▶ **Source data**

○ ○ ○ ○ ○

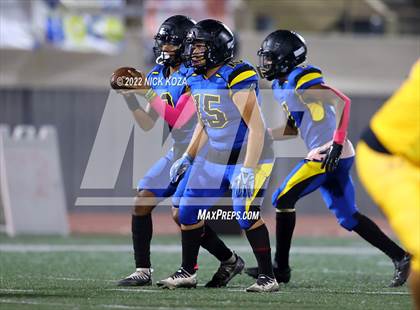 Thumbnail 1 in Verbum Dei vs. Bosco Tech photogallery.
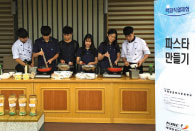 학생들이 전공(요리)를 시연하는 사진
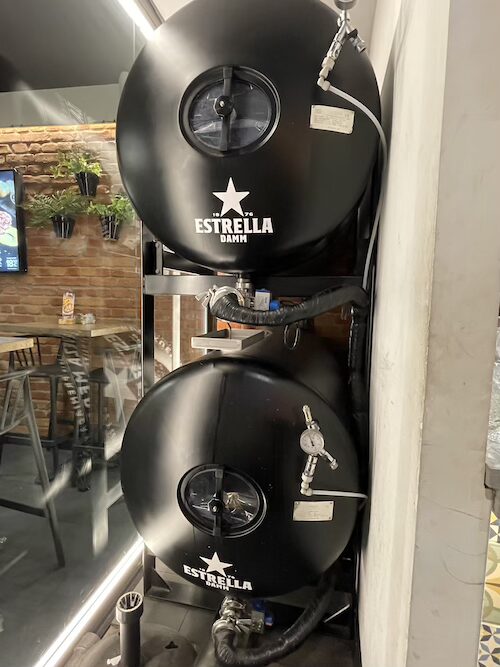 スペイン・マドリードの街角の飲み屋にエストレージャ・ダムの大きな樽！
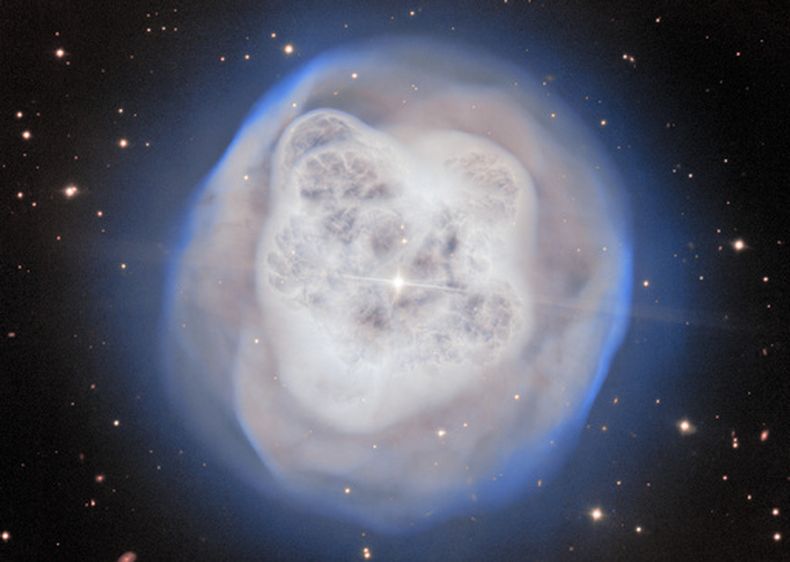 En la imagen, proporcionada por NOIRLab, de la Fundación Nacional de Ciencia de Estados Unidos el jueves 21 de mayo de 2026, aparece la Nebulosa Bola de Cristal. (NSF NOIRLab vía AP)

○ ○ ○ ○ ○

▶ **The problem**
Pictures stay out. Write out everything else in the material exactly.

▶ **Exercise output**
 Thumbnail 1 in Verbum Dei vs. Bosco Tech photogallery.
 학생들이 전공(요리)를 시연하는 사진
 スペイン・マドリードの街角の飲み屋にエストレージャ・ダムの大きな樽！
 En la imagen, proporcionada por NOIRLab, de la Fundación Nacional de Ciencia de Estados Unidos el jueves 21 de mayo de 2026, aparece la Nebulosa Bola de Cristal. (NSF NOIRLab vía AP)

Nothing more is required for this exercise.